At Henderson, N.C.-based Rose Stores, a recent investigation turned up similar findings. "We started paying closer attention to sizes and we learned that size 14 was actually the most sought after size in bottoms--not 10 or 12 as we originally thought," comments Wendy Heath, divisional merchandise manager, who says that that study has effected change in both the missy and the large size businesses.

In large sizes, Heath re-evaluated her buy and beefed up the portion of goods on the lower end of the plus size spectrum, namely sizes 18, 20 and 22.

A look at merchants' plans for the third and fourth quarter indicates the importance of knits to the total business. Retailers report that close to half of the top and bottom classifications will be in knit fabrications.

"Knit dressing is a fashion trend that large size women can really take advantage of because it's easy to fit and comfortable," says Foley at Kmart. Merchants expect stirrup and capri length knit pants to fuel the bottoms business. In tops, mock turtlenecks and long novelty sweaters are getting top billing.

Related separates is another business which retailers intend to spotlight. Never having had the opportunity to build as broad a wardrobe as her missy counterpart, discounters are finding that if they display related items adjacently on the selling floor, the plus size shopper is very likely to buy an outfit.

Roger Gordon, who heads up the large size division at Gitano, believes that the success of related separates is tied to the time factor. "The large size customer, like the missy shopper, doesn't have time to figure out what goes with what," says Gordon.

"We call related separates a |no brainer.' She just buys a top and a bottom that match and she's out."

Gordon is partial to the related separates business because it forces retailers to merchandise coordinating items from one resource together, thus increasing the possibility of multi-unit sales to consumers. Despite the success of Gitano shops in misses sportswear, the concept has not been rolled out in large sizes.

While accentuating related separates certainly helps spur multiple purchases, mass merchants haven't forgotten about the importance of the fashion items approach to merchandising. Detecting somewhat of a resurgence in basic silhouettes, a majority of retailers--including some of the biggest--intend to emphasize color and pattern while sticking to traditional models.

Discounters are counting on brands to supply much of the fashion punch. Executives at Gitano, the resource which dominates the plus size business at many discount stores, will respond with a wide variety of prints in knits, and a broad color palette in volume items. Other brands which retailers are looking to for updated merchandise include Jordache, Chic and Hanes.

Nevertheless, private label merchandise will continue to account for almost half of the area's volume.

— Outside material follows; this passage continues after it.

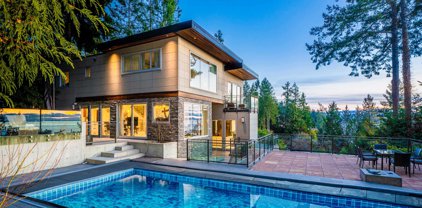 5290 Gulf Place, West Vancouver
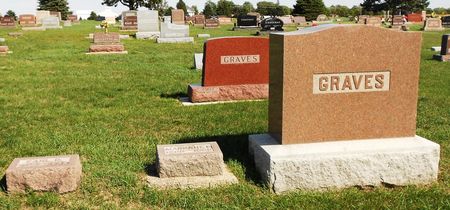 GRAVES, FAMILY MONUMENT - Carroll County, Iowa | FAMILY MONUMENT GRAVES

"We have a very good track record with our import program," says John Lesser, vice president of ready-to-wear at Portland, Ore.-based Fred Meyer, who admits to being surprised by how quickly large size apparel turns. "This business is more predictable than missy and junior. That enables us to make big commitments upfront." One classification Lesser had particularly good results with this year was sweaters. For fall he's counting on boucles to stimulate sales in his private label assortment.